▶ [AVAILABLE DATA]:
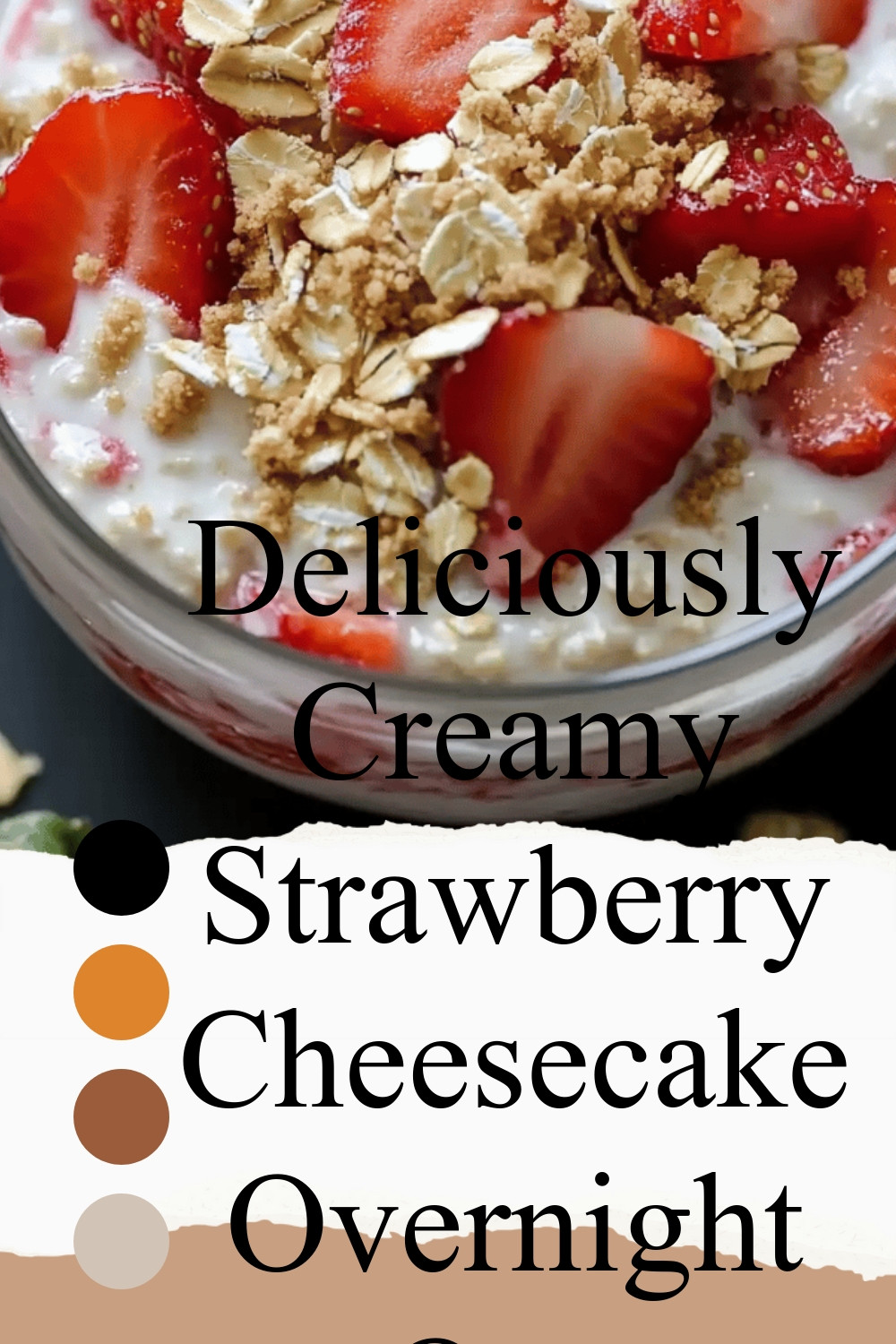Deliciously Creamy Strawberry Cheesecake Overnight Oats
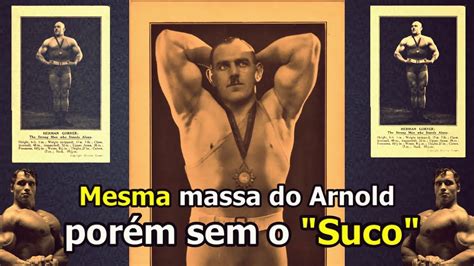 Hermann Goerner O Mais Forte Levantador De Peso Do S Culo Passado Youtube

...

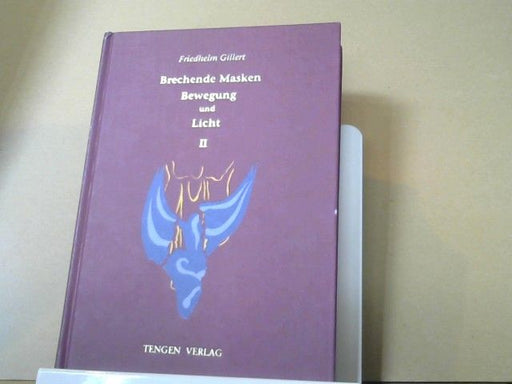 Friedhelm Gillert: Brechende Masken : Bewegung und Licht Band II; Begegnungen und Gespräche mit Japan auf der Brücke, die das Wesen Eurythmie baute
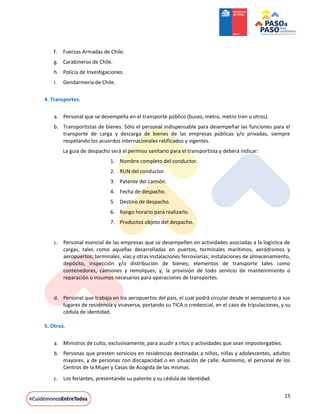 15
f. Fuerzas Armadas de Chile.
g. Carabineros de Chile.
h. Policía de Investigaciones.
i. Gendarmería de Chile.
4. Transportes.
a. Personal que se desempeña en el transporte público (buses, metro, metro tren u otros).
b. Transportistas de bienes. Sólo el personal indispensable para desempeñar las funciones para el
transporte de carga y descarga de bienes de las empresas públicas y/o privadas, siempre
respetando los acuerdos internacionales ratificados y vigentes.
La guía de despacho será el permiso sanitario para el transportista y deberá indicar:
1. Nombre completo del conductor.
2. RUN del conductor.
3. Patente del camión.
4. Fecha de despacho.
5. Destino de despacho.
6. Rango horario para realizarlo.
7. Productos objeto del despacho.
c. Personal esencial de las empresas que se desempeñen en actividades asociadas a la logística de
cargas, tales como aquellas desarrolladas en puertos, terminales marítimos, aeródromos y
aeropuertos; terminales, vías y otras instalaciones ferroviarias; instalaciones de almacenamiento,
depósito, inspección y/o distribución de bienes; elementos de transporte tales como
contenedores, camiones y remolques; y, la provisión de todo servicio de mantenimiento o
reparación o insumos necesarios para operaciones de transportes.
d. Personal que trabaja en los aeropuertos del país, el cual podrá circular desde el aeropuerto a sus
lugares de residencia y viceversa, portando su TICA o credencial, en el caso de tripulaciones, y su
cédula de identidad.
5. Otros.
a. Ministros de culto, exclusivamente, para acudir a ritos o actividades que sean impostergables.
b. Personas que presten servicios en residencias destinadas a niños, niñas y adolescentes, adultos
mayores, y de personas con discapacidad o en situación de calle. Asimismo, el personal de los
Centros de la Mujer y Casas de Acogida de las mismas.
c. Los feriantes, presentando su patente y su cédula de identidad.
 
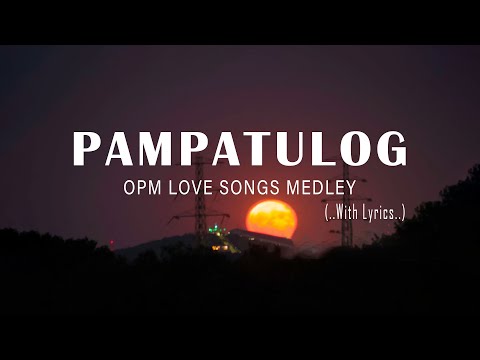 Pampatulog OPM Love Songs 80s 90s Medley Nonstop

▶ [TASK PROMPT]:
The stretch to restate runs from the line above containing "Deliciously Creamy Strawberry" through the line containing "Hermann Goerner O". Copy it word for word, ends included, without pictures.

▶ [EXERCISE RESULT]:
Deliciously Creamy Strawberry Cheesecake Overnight Oats
 Hermann Goerner O Mais Forte Levantador De Peso Do S Culo Passado Youtube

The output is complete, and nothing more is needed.